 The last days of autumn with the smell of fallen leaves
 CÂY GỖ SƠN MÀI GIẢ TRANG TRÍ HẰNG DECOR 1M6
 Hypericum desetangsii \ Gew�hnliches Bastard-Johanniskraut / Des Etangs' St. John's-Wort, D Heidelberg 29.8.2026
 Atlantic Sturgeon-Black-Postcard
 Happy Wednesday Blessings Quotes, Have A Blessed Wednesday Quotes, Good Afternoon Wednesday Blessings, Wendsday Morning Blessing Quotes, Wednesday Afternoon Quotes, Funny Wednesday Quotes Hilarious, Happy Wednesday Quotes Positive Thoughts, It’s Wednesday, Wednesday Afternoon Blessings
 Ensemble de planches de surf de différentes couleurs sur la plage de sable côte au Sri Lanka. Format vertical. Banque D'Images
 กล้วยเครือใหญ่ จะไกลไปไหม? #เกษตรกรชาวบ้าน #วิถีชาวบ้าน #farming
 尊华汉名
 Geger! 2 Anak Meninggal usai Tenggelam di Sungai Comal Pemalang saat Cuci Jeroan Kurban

--

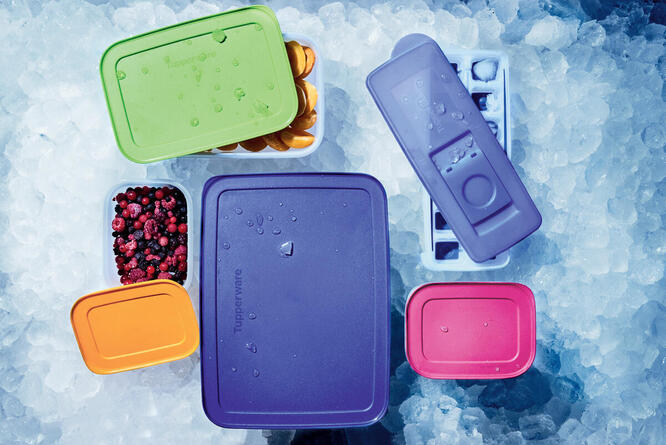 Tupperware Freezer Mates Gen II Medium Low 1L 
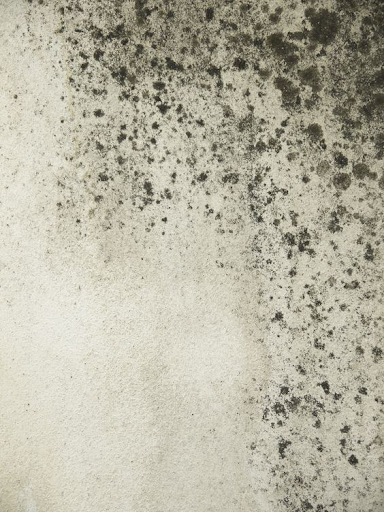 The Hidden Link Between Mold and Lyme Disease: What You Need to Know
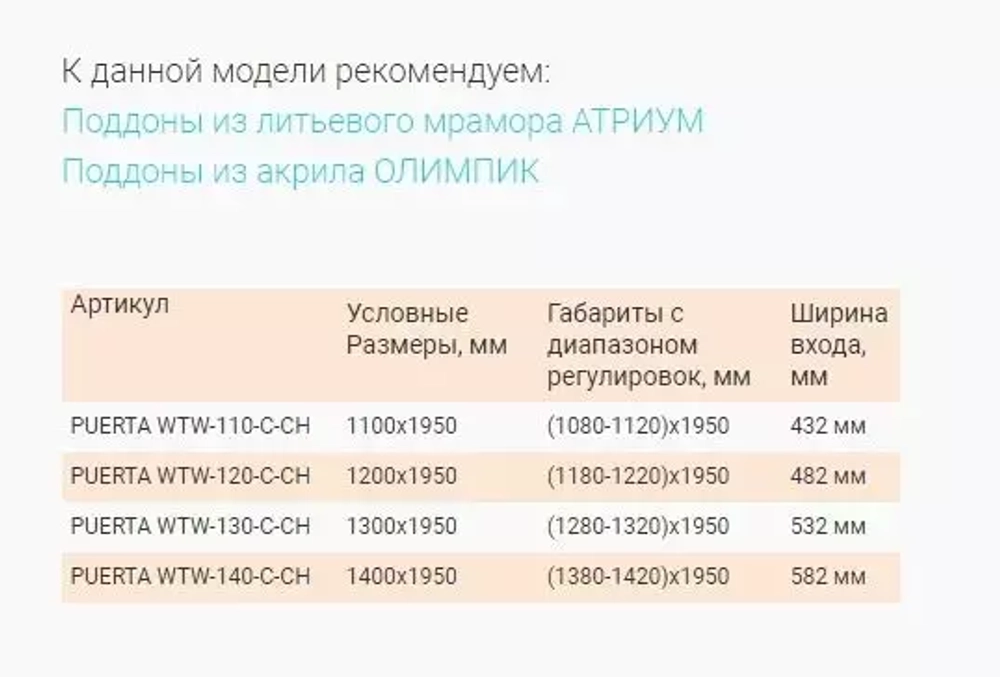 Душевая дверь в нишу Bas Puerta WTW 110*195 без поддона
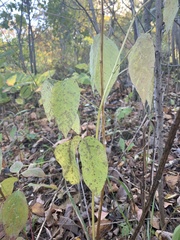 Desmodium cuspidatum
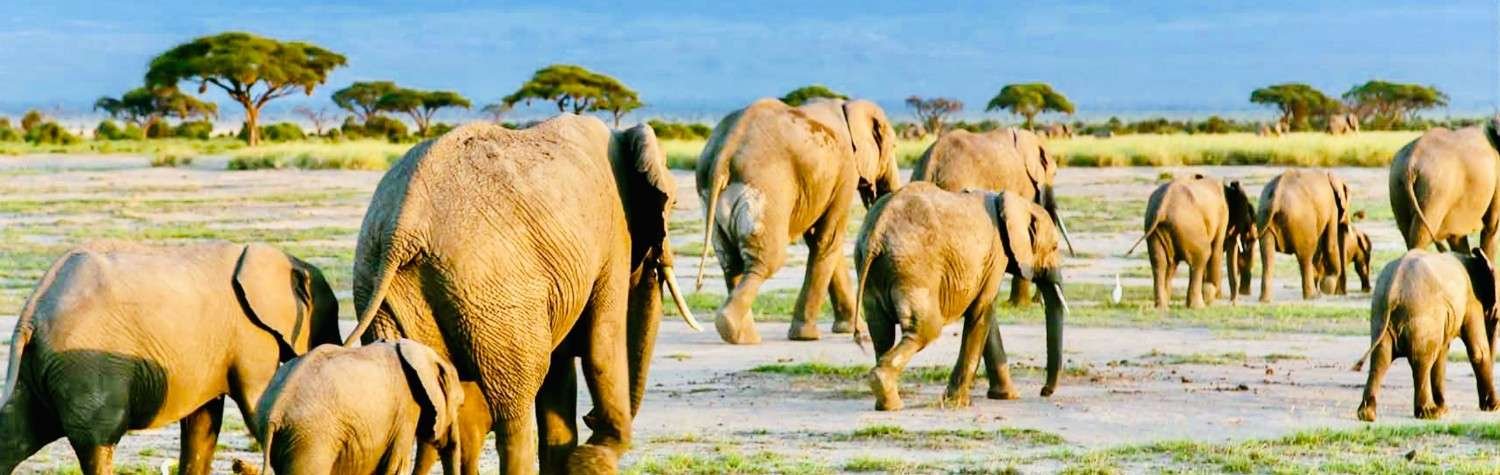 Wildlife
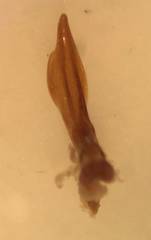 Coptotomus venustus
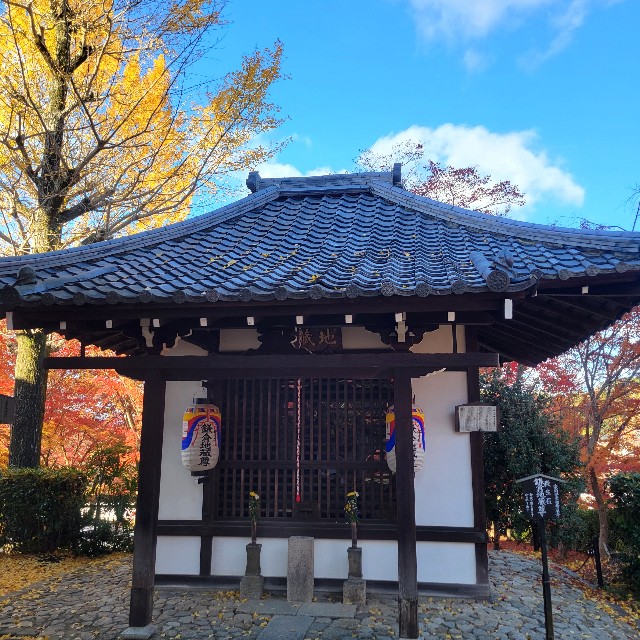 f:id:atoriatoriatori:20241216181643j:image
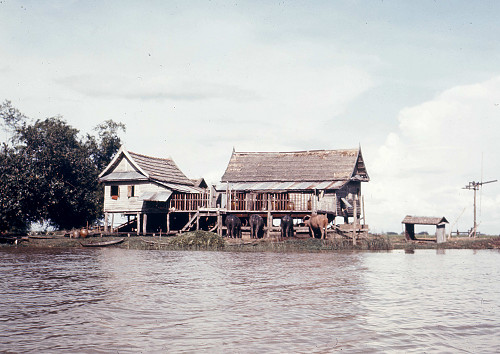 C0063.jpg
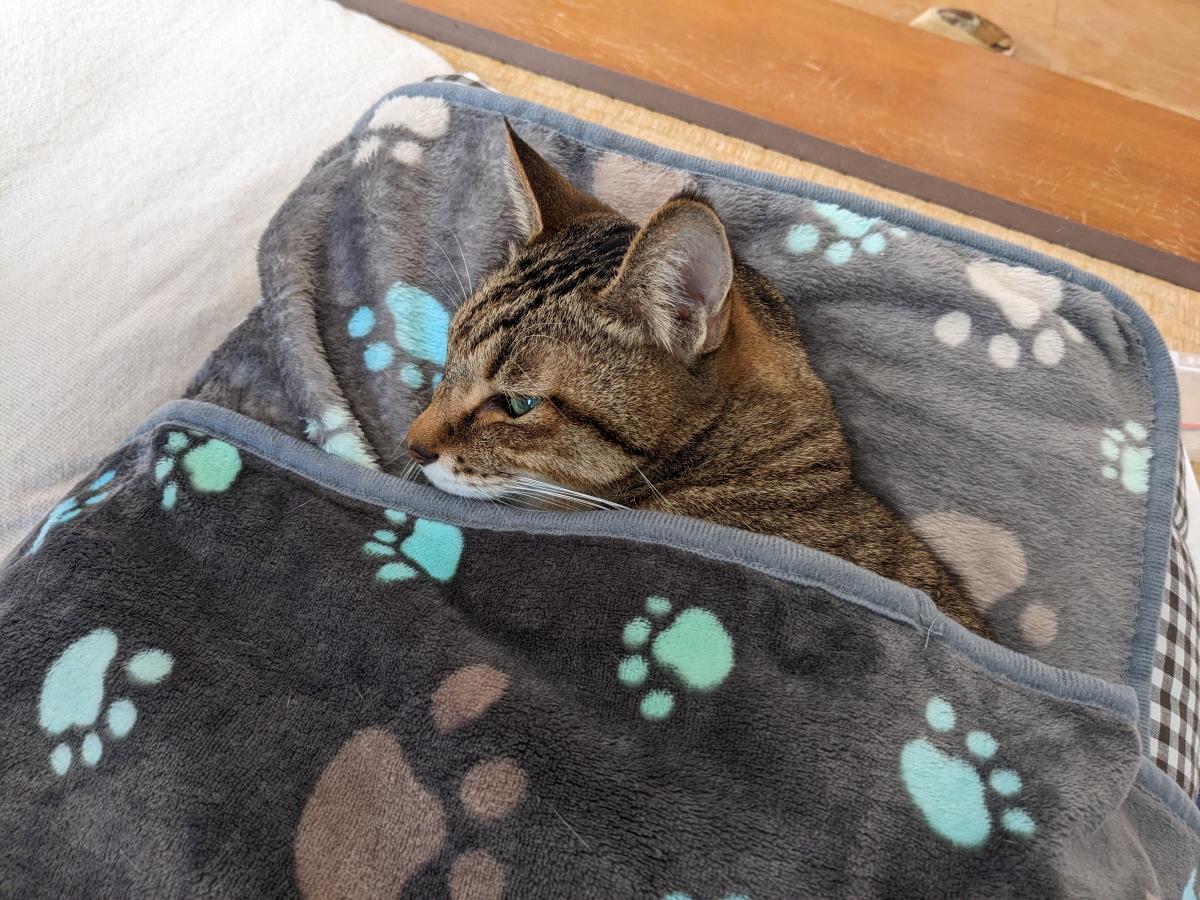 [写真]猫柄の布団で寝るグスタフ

==

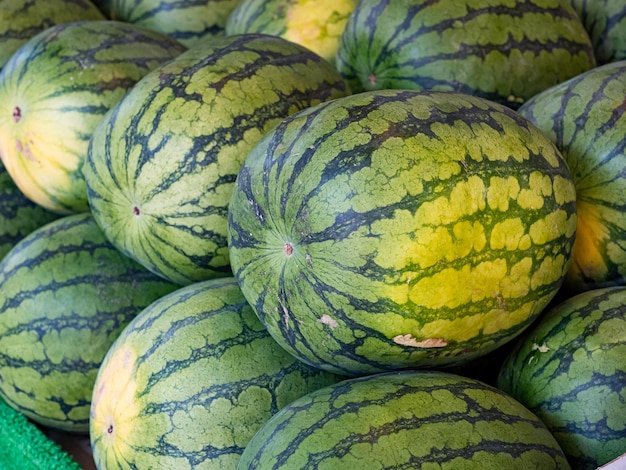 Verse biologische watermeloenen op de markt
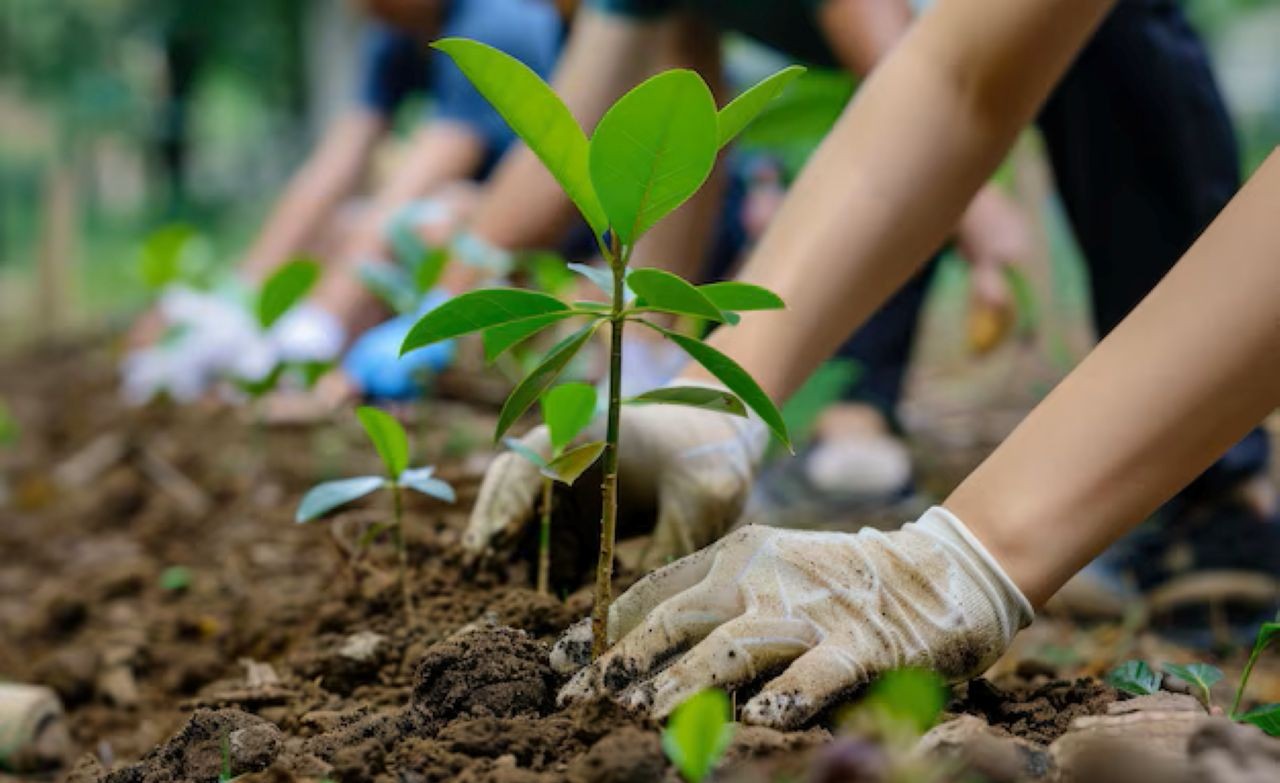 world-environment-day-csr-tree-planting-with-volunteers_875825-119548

TASK STATEMENT. Only the lines above from the one with "กล้วยเครือใหญ่ จะไกลไปไหม? #เกษตรกรชาวบ้าน" through the one with "Geger! 2 Anak" should be duplicated, character for character.

FINISHED EXERCISE.
 กล้วยเครือใหญ่ จะไกลไปไหม? #เกษตรกรชาวบ้าน #วิถีชาวบ้าน #farming
 尊华汉名
 Geger! 2 Anak Meninggal usai Tenggelam di Sungai Comal Pemalang saat Cuci Jeroan Kurban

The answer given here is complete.